Può, quindi, essere affermato il seguente principio di diritto: ‘in materia di imposte ipotecarie e catastali, ai sensi dell’art. 67 comma 1, lett. b), del d.P.R. n. 917 del 1986, secondo una ricostruzione uniforme sia ai fini delle imposte dirette che indirette, deve escluso che la compravendita di un fabbricato in relazione al quale sia stata stipulata tra il Comune ed il proprietario una convenzione per la sua sopraelevazione possa in conseguenza riqualificarsi come vendita di un’ area edificabile, anziché di un fabbricato ‘.
Il secondo strumento di impugnazione introdotto dalla COGNOME risulta, quindi, fondato e deve, perciò, essere accolto, con assorbimento degli altri motivi.
In conseguenza la sentenza impugnata deve essere cassata in relazione al motivo accolto e, non essendo necessari ulteriori accertamenti di fatto, questa Corte di legittimità può decidere nel merito, ai sensi dell’art. 384, secondo comma, cod. proc. civ. , annullando l’atto impositivo.

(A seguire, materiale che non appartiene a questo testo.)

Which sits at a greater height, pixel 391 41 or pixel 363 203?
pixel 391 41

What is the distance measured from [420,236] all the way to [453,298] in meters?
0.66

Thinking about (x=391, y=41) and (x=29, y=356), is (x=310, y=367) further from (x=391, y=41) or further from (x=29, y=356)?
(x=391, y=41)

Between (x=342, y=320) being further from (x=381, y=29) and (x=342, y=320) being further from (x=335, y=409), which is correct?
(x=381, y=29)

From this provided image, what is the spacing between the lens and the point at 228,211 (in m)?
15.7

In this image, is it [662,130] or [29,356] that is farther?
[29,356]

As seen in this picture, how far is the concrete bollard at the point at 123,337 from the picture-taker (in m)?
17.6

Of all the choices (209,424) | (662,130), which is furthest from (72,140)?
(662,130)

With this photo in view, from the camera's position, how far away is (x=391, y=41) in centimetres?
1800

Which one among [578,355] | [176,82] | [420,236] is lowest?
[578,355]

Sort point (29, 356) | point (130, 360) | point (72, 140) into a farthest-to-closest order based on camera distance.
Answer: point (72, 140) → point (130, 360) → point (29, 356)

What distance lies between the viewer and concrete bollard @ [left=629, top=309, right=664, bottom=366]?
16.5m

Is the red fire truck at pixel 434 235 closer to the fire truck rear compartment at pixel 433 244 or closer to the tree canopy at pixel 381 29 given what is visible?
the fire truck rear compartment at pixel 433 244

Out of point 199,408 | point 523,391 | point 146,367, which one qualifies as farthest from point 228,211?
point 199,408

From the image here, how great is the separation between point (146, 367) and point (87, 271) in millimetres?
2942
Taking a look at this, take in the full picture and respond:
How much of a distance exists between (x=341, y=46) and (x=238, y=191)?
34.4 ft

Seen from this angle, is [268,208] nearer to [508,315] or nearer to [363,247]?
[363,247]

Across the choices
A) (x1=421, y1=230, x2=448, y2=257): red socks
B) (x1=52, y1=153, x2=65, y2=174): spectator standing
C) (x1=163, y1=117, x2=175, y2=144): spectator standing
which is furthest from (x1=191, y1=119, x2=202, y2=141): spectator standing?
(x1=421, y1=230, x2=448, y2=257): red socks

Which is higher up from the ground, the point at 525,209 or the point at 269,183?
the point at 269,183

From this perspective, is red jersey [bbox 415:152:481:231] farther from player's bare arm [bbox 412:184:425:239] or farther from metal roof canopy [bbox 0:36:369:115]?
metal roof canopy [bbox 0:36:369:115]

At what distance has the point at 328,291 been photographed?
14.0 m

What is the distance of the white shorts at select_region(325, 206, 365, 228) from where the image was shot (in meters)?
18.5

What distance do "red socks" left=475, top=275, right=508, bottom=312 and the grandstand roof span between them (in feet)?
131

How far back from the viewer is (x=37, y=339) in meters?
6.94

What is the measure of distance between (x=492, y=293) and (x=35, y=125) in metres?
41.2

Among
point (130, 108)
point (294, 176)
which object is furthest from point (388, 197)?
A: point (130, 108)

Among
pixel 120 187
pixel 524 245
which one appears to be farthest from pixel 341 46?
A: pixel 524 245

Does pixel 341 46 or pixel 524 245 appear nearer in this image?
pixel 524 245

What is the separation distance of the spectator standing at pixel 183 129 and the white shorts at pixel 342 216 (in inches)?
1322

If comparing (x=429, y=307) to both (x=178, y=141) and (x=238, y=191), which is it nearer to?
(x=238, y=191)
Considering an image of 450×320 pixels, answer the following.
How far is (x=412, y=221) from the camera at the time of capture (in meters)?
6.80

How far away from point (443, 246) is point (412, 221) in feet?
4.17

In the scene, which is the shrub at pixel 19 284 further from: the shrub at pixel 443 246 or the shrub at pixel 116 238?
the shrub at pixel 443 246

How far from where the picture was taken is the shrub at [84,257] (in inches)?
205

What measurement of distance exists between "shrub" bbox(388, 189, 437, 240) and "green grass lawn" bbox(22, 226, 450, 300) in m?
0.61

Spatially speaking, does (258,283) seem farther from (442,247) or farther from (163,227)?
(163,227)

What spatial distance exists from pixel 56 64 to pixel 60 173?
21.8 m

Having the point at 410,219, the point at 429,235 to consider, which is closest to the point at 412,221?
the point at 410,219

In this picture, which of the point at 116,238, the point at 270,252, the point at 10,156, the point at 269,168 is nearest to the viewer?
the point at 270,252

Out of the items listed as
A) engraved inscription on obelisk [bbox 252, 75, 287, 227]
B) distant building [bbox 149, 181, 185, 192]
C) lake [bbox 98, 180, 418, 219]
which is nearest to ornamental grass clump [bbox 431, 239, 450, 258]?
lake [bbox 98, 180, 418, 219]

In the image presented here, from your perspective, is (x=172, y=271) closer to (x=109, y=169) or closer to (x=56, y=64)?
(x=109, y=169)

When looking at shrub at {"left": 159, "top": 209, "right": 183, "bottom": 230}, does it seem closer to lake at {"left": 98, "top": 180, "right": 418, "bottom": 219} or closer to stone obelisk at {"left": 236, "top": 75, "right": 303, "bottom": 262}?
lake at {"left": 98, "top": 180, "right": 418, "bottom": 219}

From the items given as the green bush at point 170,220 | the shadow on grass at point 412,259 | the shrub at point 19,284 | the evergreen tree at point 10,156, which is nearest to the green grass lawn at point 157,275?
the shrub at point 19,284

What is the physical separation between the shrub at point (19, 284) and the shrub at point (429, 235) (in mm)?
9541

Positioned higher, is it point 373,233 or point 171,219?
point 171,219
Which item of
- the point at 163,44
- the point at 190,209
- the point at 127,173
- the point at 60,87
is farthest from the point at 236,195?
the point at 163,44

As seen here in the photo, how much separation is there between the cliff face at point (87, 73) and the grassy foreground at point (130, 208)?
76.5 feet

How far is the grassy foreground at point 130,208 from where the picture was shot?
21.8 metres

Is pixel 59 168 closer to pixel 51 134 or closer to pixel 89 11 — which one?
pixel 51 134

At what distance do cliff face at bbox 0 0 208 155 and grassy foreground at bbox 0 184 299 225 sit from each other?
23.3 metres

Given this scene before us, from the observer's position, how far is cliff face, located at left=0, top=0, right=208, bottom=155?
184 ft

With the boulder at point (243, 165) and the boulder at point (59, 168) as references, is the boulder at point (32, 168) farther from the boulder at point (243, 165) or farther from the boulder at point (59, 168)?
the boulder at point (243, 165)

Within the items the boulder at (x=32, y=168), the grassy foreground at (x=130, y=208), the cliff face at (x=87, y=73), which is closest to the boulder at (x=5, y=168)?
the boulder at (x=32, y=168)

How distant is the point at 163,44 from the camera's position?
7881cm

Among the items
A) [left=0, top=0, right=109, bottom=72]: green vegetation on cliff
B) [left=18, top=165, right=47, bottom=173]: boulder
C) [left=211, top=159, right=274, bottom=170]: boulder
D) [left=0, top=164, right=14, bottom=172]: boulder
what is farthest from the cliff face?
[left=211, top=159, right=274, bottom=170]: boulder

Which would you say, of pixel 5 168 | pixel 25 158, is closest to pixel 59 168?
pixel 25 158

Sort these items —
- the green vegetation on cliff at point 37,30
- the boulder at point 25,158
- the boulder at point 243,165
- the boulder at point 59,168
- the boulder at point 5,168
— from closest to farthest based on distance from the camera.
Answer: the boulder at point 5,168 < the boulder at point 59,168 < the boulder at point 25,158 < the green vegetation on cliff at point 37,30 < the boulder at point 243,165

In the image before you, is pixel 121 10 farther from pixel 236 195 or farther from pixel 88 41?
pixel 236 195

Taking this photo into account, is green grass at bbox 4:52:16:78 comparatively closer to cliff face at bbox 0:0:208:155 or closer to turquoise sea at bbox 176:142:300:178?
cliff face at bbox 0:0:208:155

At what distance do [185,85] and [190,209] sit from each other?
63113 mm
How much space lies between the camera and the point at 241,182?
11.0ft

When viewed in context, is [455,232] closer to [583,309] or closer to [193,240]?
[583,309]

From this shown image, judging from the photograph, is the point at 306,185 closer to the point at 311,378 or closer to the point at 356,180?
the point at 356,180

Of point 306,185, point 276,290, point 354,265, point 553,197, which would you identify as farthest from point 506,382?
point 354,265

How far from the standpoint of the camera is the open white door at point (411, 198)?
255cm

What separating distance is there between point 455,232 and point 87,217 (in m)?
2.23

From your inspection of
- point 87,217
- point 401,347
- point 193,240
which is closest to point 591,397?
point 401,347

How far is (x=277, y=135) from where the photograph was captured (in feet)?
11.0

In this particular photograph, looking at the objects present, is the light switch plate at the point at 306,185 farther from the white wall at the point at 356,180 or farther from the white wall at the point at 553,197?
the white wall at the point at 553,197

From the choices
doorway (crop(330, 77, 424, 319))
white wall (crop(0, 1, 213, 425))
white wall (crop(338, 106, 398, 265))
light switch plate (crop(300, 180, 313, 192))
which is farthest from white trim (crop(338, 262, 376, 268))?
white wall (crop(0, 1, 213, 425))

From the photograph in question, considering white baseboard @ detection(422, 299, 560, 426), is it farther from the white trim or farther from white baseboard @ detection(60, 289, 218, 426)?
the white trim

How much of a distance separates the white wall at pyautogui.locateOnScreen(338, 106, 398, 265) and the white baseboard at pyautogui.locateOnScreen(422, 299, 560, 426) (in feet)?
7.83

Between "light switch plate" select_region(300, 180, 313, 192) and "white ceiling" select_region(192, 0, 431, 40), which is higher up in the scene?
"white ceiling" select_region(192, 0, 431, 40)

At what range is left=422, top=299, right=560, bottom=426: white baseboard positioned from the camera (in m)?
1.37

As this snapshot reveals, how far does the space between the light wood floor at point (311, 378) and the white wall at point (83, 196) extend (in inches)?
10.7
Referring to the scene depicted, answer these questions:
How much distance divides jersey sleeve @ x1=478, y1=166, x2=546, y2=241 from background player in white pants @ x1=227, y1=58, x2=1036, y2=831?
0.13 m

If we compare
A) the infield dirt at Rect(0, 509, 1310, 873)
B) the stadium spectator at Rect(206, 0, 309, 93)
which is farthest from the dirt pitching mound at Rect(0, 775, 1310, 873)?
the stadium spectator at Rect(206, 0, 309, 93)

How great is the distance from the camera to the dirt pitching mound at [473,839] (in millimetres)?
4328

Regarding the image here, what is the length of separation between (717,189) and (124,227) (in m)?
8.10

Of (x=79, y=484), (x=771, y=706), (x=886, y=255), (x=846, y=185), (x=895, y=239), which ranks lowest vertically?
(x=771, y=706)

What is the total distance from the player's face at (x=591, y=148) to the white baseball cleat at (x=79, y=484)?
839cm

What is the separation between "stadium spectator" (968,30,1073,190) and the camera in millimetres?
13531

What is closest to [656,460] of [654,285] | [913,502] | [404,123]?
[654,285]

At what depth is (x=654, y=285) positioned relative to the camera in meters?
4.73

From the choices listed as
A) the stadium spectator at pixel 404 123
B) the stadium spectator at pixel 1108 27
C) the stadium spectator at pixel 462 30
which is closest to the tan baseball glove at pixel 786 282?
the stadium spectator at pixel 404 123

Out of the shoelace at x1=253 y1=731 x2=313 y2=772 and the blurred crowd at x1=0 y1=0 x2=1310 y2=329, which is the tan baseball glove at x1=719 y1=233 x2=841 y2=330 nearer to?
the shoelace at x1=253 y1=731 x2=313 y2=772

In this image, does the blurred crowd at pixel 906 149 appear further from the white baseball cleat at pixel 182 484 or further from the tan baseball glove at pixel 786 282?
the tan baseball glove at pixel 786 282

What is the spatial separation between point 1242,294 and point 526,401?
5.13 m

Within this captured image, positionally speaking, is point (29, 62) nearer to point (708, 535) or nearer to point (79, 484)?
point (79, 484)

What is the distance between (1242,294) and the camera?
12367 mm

Le spese di lite dei gradi di merito del giudizio possono essere compensate tra le parti, mentre le spese processuali del giudizio di legittimità seguono la soccombenza e sono liquidate in dispositivo, in considerazione della natura delle questioni esaminate e del valore della controversia.
La Corte accoglie il secondo motivo di ricorso, assorbiti gli altri, cassa la sentenza impugnata e , decidendo nel merito, annulla l’avviso di accertamento n. T9H05C103913.
Compensa tra le parti le spese dei gradi di merito e condanna l’Agenzia delle Entrate, in persona del Direttore pro tempore , al pagamento, in favore di NOME COGNOME, delle spese di lite del giudizio di legittimità, che liquida in complessivi Euro 5.600,00 per compensi, oltre 15% per spese generali, Euro 200.00 per esborsi, ed accessori come per legge.
Così deciso in Roma, nella camera di consiglio del 16 ottobre 2024.